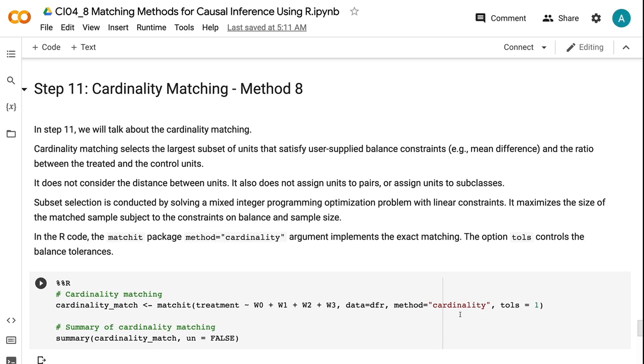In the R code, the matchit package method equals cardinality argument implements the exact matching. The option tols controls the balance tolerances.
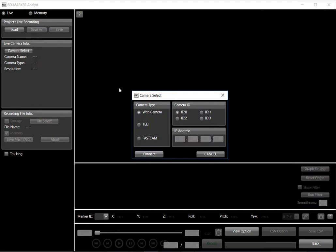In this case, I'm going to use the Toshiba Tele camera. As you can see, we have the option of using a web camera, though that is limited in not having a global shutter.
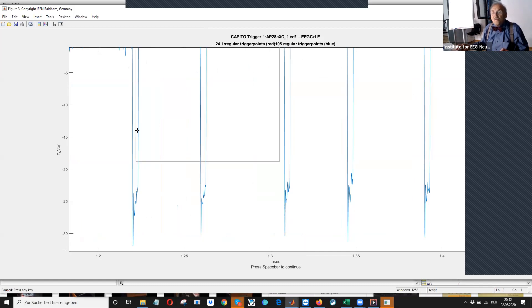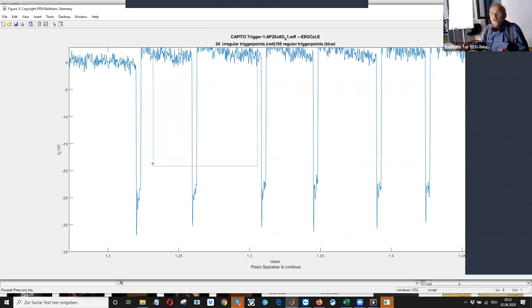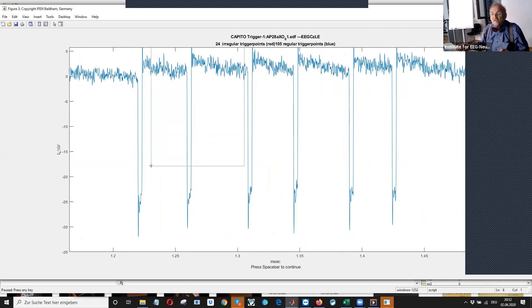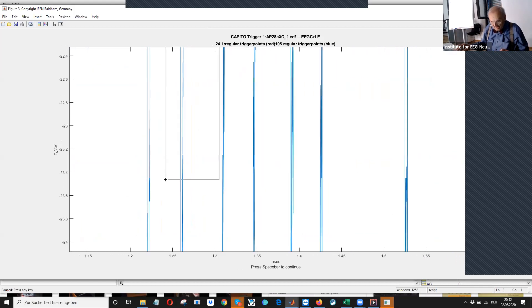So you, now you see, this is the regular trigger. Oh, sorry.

══════════════════════════════

Set down the data again, exactly, without images.

In the R code, the matchit package method equals cardinality argument implements the exact matching. The option tols controls the balance tolerances.
In this case, I'm going to use the Toshiba Tele camera. As you can see, we have the option of using a web camera, though that is limited in not having a global shutter.
So you, now you see, this is the regular trigger. Oh, sorry.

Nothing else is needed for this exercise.